「自分に価値がある」と思うことが大切
――『嫌われる勇気』は、幅広い世代の悩める人々に向けられた本でした。今作『愛とためらいの哲学』は、特に若い世代に向けられた本ですね。私はよく世間で言われる「恋愛・結婚しない若者」の1人なので、岸見先生のご意見をうかがいたいと思っています。
【岸見】わかりました。本書が若者を読者に想定しているのはたしかです。というのも、本書を担当した編集者は26歳で、「ためらい」は彼がこだわった言葉なのです。若者は「ためらい」があるので、恋愛しない。もしくは、結婚しない。もっと勇気を持ってもいいのではないか。本書のメッセージの1つです。

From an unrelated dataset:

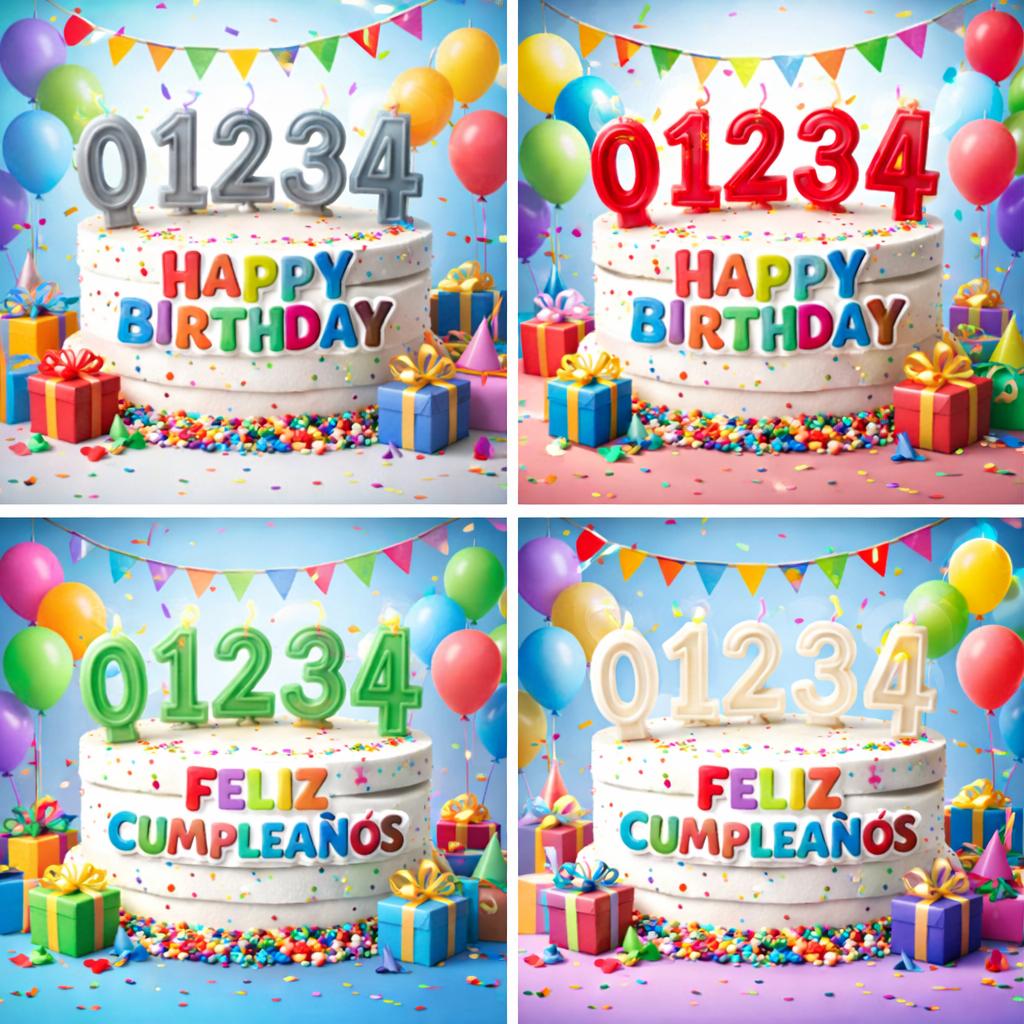 Velas de Cumpleaños Números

ところで、あなたはどうして恋愛しよう、結婚しようと思わないのですか?
――「自分に恋愛・結婚する価値がない」という考えに陥っているのかもしれません。容姿や職業、収入にしろ、こんな自分が他人と恋愛ができない。結婚に資するものがない。さらにいうと、そのようなコンプレックスをよく言い訳にしています。
【岸見】なるほど。アドラーの教えでいうと、そもそも「自分に価値がある」と思えてこそ勇気を持てるし、幸せになれる。もし、自分に価値がない、と思っているのなら恋愛にとどまらない問題ですね。そしてその価値とは、職業や収入といった「属性」ではありません。自分に価値があるかどうかは、自分自身で決めるものです。
恋愛に対して、自信が持てないのでしょうか。自信のある人は、1人2人に振られても構わない、と思います。自信がない人ほど、「この人に振られるともう次はない」と思い悩んでしまう。相手が「好きだ」と言ってくれなければ、もうこの世の終わり。だから「あえて告白しない」。告白しない理由を「自分で自分が好きになれないのに、どうして他の人が好きになってくれるのか」と考えて、勇気を振り絞る前に納得してしまう。
若者は「言い訳」を探している?
――「ためらい」というか、むしろ言い訳を探しているのかもしれません。さらにいうと、恋愛を優先順位の下に置いているのだと思います。恋愛よりももっと大事なものがある。仕事や趣味が優先で、恋愛は二の次だと。
【岸見】アドラーは、仕事の課題と恋愛の課題は等価だと考えます。本来、その課題を比べて、何が優先されるべき、というわけではありません。